Mit dem neuen Strafgesetz von 1968 und seiner Anwendung bis zum Ende der DDR setzt sich dann der vierte Abschnitt auseinander, wobei zum einen die neuen Aspekte in der „Asozialen“-Topik sowie die Verurteilungs- und Vollzugspraxis analysiert werden, zum anderen nicht nur der Frage „asozialen“ Verhaltens als Protestmaßnahme gegen das Regime nachgegangen wird, sondern auch die in der DDR herrschenden Kriminalitätsursachentheorien erörtert werden. Der letzte Abschnitt untersucht schließlich anhand der Judikatur der Rehabilitierungsgerichte, ob „Asoziale“ nach der Wiedervereinigung als Opfer der DDR-Unrechtsjustiz rehabilitiert wurden. Er kommt dabei zum Ergebnis, dass die Rechtsprechung zwischen „einer zu pauschalen Verurteilung des DDR-Strafrechts einerseits und der weitgehenden Billigung des Vorgehens gegen ,Asoziale‘ andererseits“ schwankte.
Schließlich arbeitet der Verfasser zusammenfassend nochmals die Kontinuitäten heraus, die sich nicht nur auf wirtschaftlichem Gebiet mit dem „Dritten Reich“ feststellen lassen, sondern
auch dahingehend, dass auch in der DDR das Strafrecht die Funktion besaß, „die soziale Wirklichkeit gewaltsam an die ideologischen Vorgaben anzupassen“. Auf der mentalitätsgeschichtlichen Ebene führen den Verfasser zum einen die Kontinuitäten in die Arbeitsethik der frühen Neuzeit zurück, zum anderen hinsichtlich der „Asozialität“ durch Triebauslebung wiederum (jedenfalls) bis in das „Dritte Reich“, aus dem „die Beschreibung des Antitypen ... bis hin zur Wahl einzelner Vokabeln nahezu bruchlos übernommen“ wurde. Darüber hinaus kommt der Verfasser auch zum Ergebnis, dass die „offizielle Moral“ der SED-Führung von der Bevölkerung im Sinne einer in der Gesellschaft „herrschenden Moral“ weitgehend akzeptiert wurde. Als Konsequenz dieser Kontinuitäten blieb auch der Umgang mit den „Asozialen“ traditionell „im althergebrachten Schnittfeld der Aufgabenbereiche von Fürsorge, Polizei und Justiz“.

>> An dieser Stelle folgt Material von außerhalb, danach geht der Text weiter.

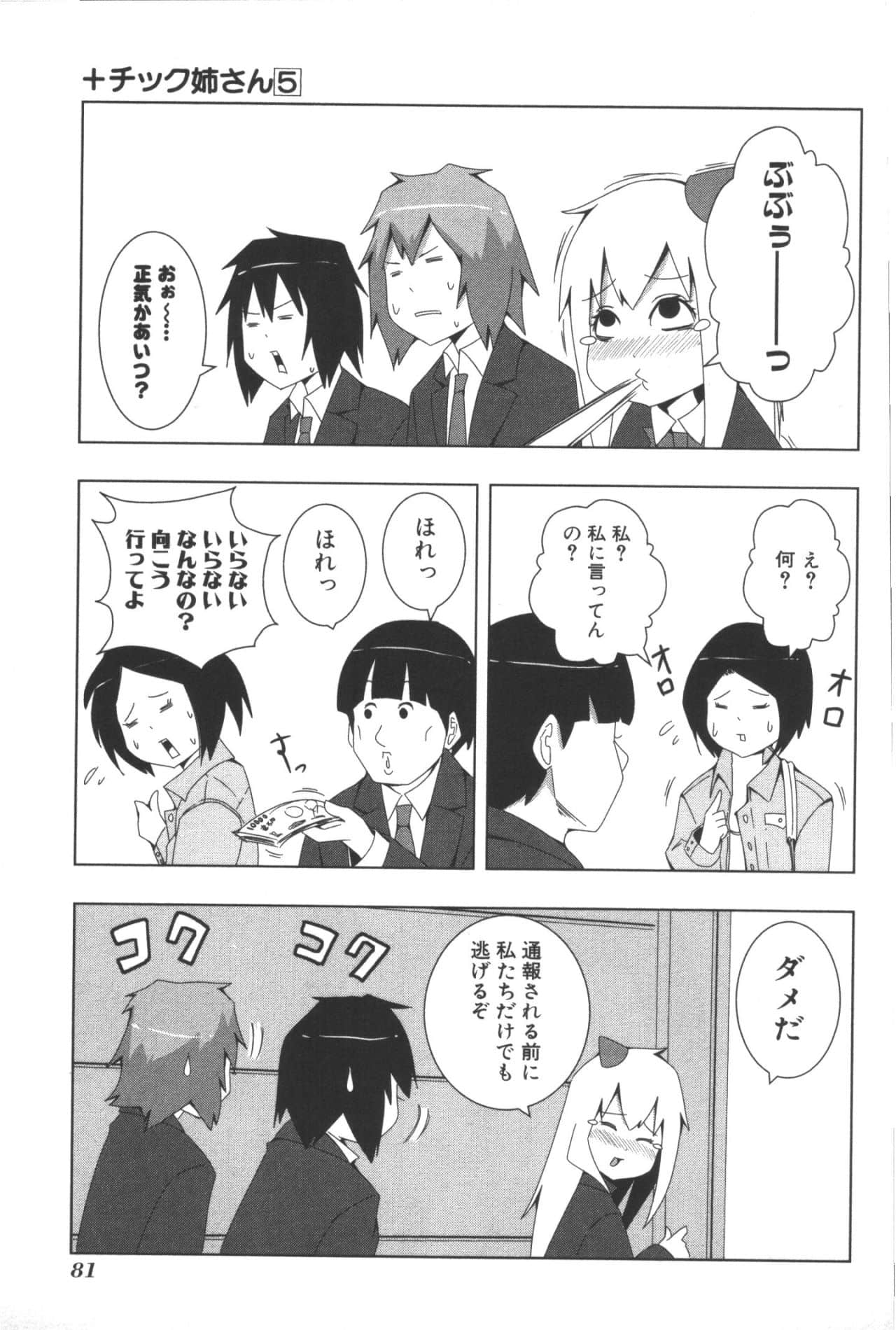Page 85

Einem Wandel unterzogen waren freilich insbesondere die Zwecke der „Asozialen“-Verfolgung in den einzelnen Enwicklungsphasen der DDR, vom Wiederaufbau der Nachkriegszeit bis zu den Versuchen, eine sozialistische Gesellschaft erforderlichenfalls mit Zwangsmitteln zu gestalten. Den großen Umfang der vom Strafgesetz nicht intendierten staatlichen Verfolgungsmaßnahmen gegenüber relativ geringfügigen Verstößen gegen die herrschende Arbeits- und Sozialmoral erklärt der Verfasser mit dem „Zusammenspiel der für die DDR typischen totalitären Elemente“ und der „Verhärtung des gesellschaftlichen Klimas“. Die Studie wird abgeschlossen mit einem Abkürzungs- sowie Quellen- und Literaturverzeichnis.

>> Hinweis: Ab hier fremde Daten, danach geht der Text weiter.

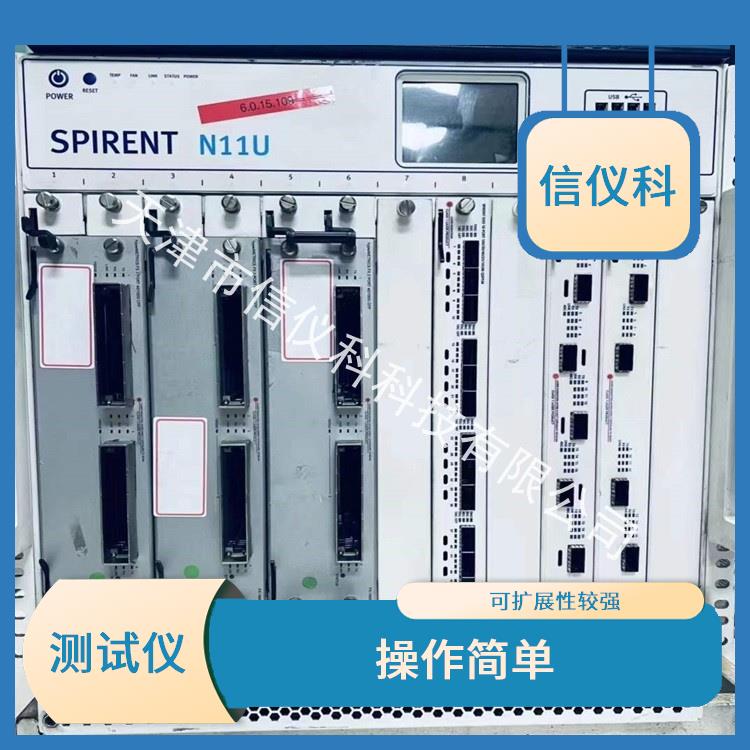 广西SIP测试仪 Spirent思博伦 N11U 多种测试功能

Mit der vorliegenden Publikation, die das durchschnittliche Dissertationsniveau unzweifelhaft übersteigt, füllt der Verfasser eine bisher weitgehend bestehende Forschungslücke hinsichtlich der Geschichte „asozialen“ Verhaltens in der deutschen Nachkriegsgeschichte, gab es doch bislang bloß einzelne Darstellungen zur Geschichte devianten Verhaltens in der DDR, jedoch keine einschlägige umfassende Darstellung. Dem Verfasser ist mit diesem Werk, das nicht nur durch die solide Verarbeitung von Quellen und Literatur, sondern auch durch seinen flüssigen Schreibstil überzeugt, ein bedeutender Beitrag zur „Asozialen“-Thematik mit beachtlicher interdisziplinärer Relevanz gelungen.